Take Firefly’s crab cakes, for example. Since its inception, the restaurant has offered crab cakes on its rotating chalkboard menu, but only recently have they become something worth talking about. Proving the adage that less is more, Gregory stripped out the convoluted fillers (including artichokes hearts, onions, bread crumbs, eggs and Worcestershire) and relaunched a cake made with—wait for it—crab. Deep-fried with a light layer of panko bread crumbs, the golden patties deliver sweet lumps of seafood, punctuated only by an occasional telltale shard of shell. She serves two cakes on a vibrant salad—baby greens with fresh hunks of radish, red pepper, cucumber and goat cheese, tossed in a light balsamic vinaigrette—or as an entrée with lemon aioli for dipping.
Even more pronounced than the reinvention of the crab cake is the addition of house-baked bread. Sous chef Amy Willis, who also handles the desserts, bakes fresh herb focaccia and polenta herb loaf that accompany soups, the artisan cheese plate and other items. Shaped like soft, yeasty biscotti, the buttered and grilled fingers of focaccia that accompanied our soup were so delicious that we actually asked to take the leftovers home.
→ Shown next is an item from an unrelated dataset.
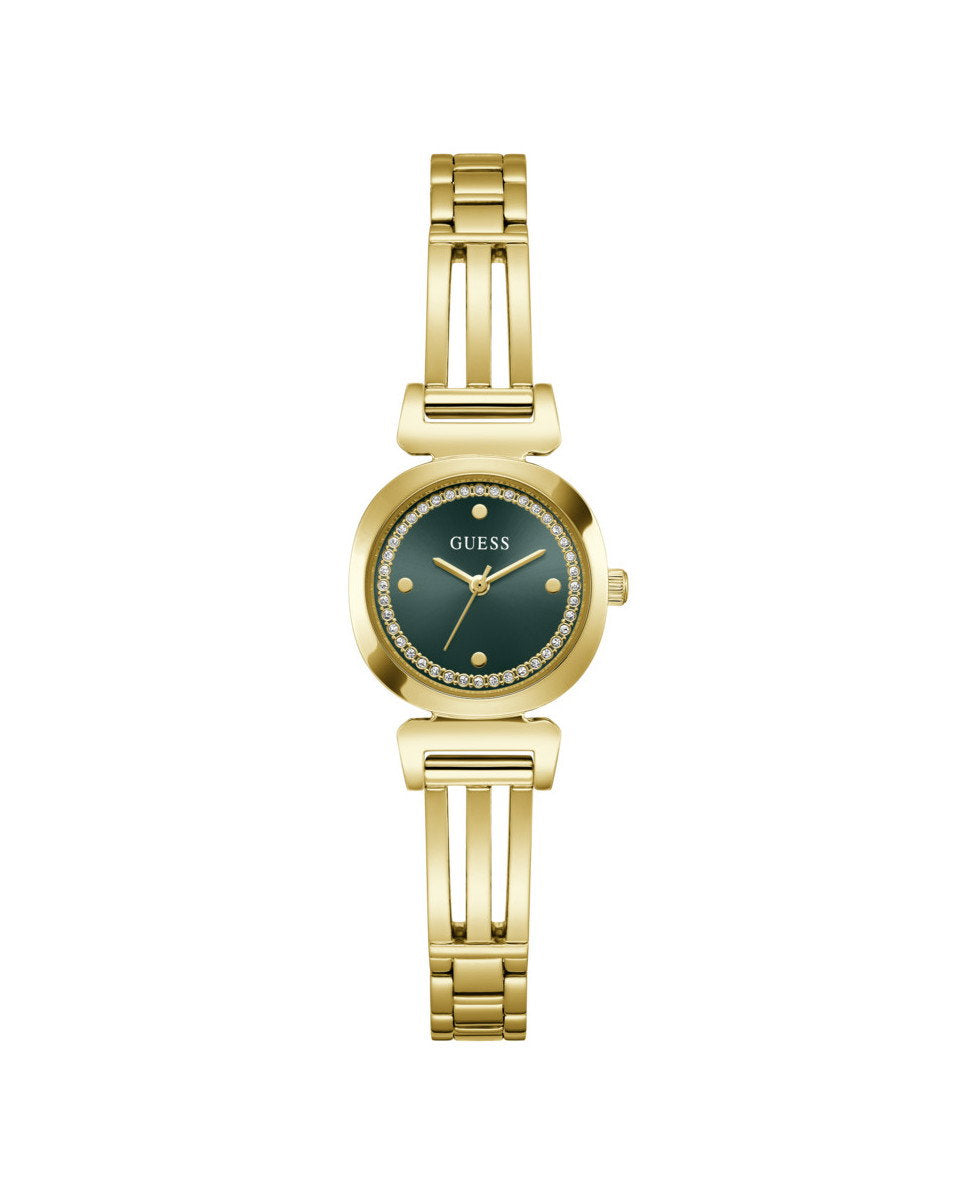 Guess Cecelia GW1083L7 Women's Square Watch Gold Case Green Dial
For painstaking attention to simple details, look no further than the smoked turkey sandwich, a commonplace meal made outstanding with tender brined meat smoked in-house, sliced thinly and served on soft grilled sourdough with bacon, avocado, sprouts, arugula, gouda and basil mayo. We also particularly enjoyed the beef kabob with filet tips marinated in paprika, cayenne, cinnamon, cumin, coriander, fennel and garam masala. (The earthy blend of spices also flavors the Moroccan shrimp on the dinner menu.) Gregory plated the tender hunks of beef with perfectly cooked basmati rice, delicate grilled asparagus, warm tomato salsa with kalamata olives and capers, and a cool counterpoint of cucumber-yogurt relish flecked with bits of Italian parsley and mint.
Among the chalkboard items, we loved the fried oyster appetizer. A dozen plump oysters, lightly dredged in cornmeal, came with a dip of spicy remoulade, which also accented the po’ boy generously loaded with cornmeal-dusted shrimp on soft French bread.
Less successful was the tempura-fried lobster. Presented playfully in a stand-up martini glass, the piping-hot nuggets were slightly greasy and did little to showcase the sweet flavor of lobster. The scallop salad was also disappointing. Plated on a bountiful tussle of mizuna, with shredded cabbage, carrots, scallions, white and black sesame seeds and crunchy wasabi peas, the medium-sized caramelized scallops were over-cooked to a rubbery consistency.